### Problem
Each line from the one containing "Plastic Cosmetic Organiser" through the final line of the data below must be repeated exactly.

Recorded data
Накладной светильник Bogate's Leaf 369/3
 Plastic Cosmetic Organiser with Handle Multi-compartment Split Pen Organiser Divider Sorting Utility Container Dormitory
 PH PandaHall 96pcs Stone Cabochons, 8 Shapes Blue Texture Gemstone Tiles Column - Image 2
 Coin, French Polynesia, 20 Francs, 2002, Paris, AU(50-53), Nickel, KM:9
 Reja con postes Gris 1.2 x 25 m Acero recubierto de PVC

### The completed task
 Plastic Cosmetic Organiser with Handle Multi-compartment Split Pen Organiser Divider Sorting Utility Container Dormitory
 PH PandaHall 96pcs Stone Cabochons, 8 Shapes Blue Texture Gemstone Tiles Column - Image 2
 Coin, French Polynesia, 20 Francs, 2002, Paris, AU(50-53), Nickel, KM:9
 Reja con postes Gris 1.2 x 25 m Acero recubierto de PVC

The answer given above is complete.